The Thai Elephant
The noble elephant (‘chang’ in Thai) has a background as mighty as its size. An important part of Thailand (formerly Siam), this magnificent mammal is synonymous with its native country. Since ancient times, the kings of Siam, astride their mighty elephants, led the charge into battle against neighbouring kingdoms like Burma and Malay. The more elephants the king owned, the more his status and royal power.
The pinkish skinned elephant is known as the white elephant. These light skinned pachyderms, considered sacred, added more prestige and power to the king’s royal entourage.
‘White Elephant’ expression
In English, this term means a spectacular and prestigious thing: more trouble to own than it’s worth. The origin is from the historic practice of the King of Siam.
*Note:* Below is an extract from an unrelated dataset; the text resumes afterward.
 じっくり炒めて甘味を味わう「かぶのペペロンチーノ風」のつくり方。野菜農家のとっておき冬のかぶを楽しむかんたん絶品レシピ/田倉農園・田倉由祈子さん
He gave rare albino (pinkish skinned) elephants to courtiers who displeased him. Cost of the animals’ upkeep eventually ruined them.
‘The elephant in the room’
Because of its enormous size, this large animal is used in the idiom ‘the elephant in the room’. Everyone in the room is aware of a common problem, but everyone chooses to ignore it.
Chang Thai Day
On March 13th each year since 1998, the Thais honour their magnificent beast of burden. The March 13th day coincides with the designation of the white elephant as the national animal of Thailand on March 13, 1963. While wintering in Thailand, we attended a special breakfast on this day to honour elephants.
Current elephant numbers
Elephant numbers here have shamefully dwindled over the years. In 1900, Thailand proudly boasted an estimated 100,000 elephants. Today, that number is sadly reduced to about 3000 living freely (wild in protective national parks) or in captivity.
The country’s logging and tourism industries use elephants. Local wildlife organizations attempt to rescue these captives.
Atop a long banquet table supported by waist-high sugar cane stalks was displayed an edible feast fit for nobles. The table was groaning with fresh fruits and vegetables: corn, carrots, watermelon, bananas, pineapple, mango, guava, papaya…and more. Peek at our photos.
Corn on the Cob
Fascinated, we watched an elephant carefully wind its trunk around a corn husk. Its trunk delicately inserted the husk into his mouth. While in his mouth, the elephant carefully, cleanly, stripped the outer corn leaves, and dropped them to the ground. He then munched and crunched, enjoying the cleaned cob. Immediately, he reached for another ear of corn.
Final Elephant Fable
There are elephant jokes aplenty. This one is a fitting Thai anecdote: marriage is like an elephant – the husband is the front legs, that choose the direction, the wife is the back legs, providing the power.